The 2005/06 edition of the event, staged at the Fancourt Links in December 2005, is best remembered for the extraordinary duel that took place between Ernie Els and eventual-winner Retief Goosen. South Africa’s two big guns at the time were streets ahead of the pack on a treacherously difficult course, with the Goose’s 10-under total of 282 good enough to shade the Big Easy by a solitary stroke.
France’s Gregory Bourdy and Darren Fichardt were the only other players to finish in red numbers, with the duo eventually sharing third place on two-under.
It was breathless stuff, as Goosen birdied the final two holes to hold off the charge of Els, who played the last five holes in four-under par.
Hard as it is to believe though, there was another story to emerge from the other end of the field which put such theatre in the shade.
Englishman Shaun Webster, who at the time was playing in the event and is now manager of defending champion Morten Orum Madsen, recounted the remarkable adventures of his countryman David Dixon that week.
Webster himself fell foul to the blustery conditions and punishing layout, following an opening round of 84 with a 79 the next morning. Resigned to his fate, he went out onto the course to support Dixon, who was faring marginally better. But a messy 40 on the back nine appeared to end Dixon’s hopes of making the weekend, as he reached the halfway mark on eight-over par.
“I remember the wind really started to pick up around lunchtime,” Webster recalled. “I was obviously miles out of it, but I thought David might be in with a shout of making the cut. He was adamant he wanted to get out of there though, so we dashed off to George Airport to fly to Joburg, so that we could eventually get back to London by the next day.”
When Dixon and Webster departed the course, the projected cut after the second morning stood at four-over par. But, unbeknownst to the duo, the wind began to intensify at the Links, and in a matter of five hours, the cut line had blown from four to eight over.
“When we landed in Joburg that Friday evening, David switched on his phone, and I’ll never forget his face when he realised he’d made the cut. He was desperate to get back to George, but there were no flights available until the next day!
“Eventually Chubby (Chandler), who was his manager back then, managed to track down a car for him to drive back.

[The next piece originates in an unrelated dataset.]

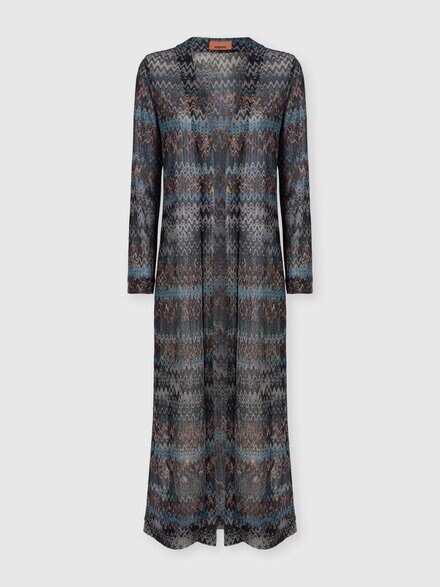 Long cardigan in lamé viscose, Blue - DS25WM12BR014AS72O0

By this time it was about six o’clock in the evening, and he was due to tee off at 7:30am the following day. But David jumped in the car and drove through the night for 13 hours to get there. I think he only got there 20 minutes before his tee time in the end!” Webster laughed.
Despite the frenetic circumstances that barely allowed Dixon to hit so much as a practice putt that Saturday, he made the extraordinary road trip worth his while, firing a two-under par 71 in the third round, which was also the eighth-lowest round of the day. He was unable to replicate such form on the final day, but a score of 76 was certainly no disgrace, and he eventually finished in a share of 31st place – good enough for a cheque of R61,296.
“The funniest part for me was that he’d actually given away his playing clothes to some of the staff there before we went to the airport,” Webster smiled. “I think all he had kept with him was his pants, so when he got back, he had to borrow an SA Open shirt from one of the officials! Anyway, I was impressed he played as well as he did after all that. I guess the cheque would have at least covered the cost of his petrol!”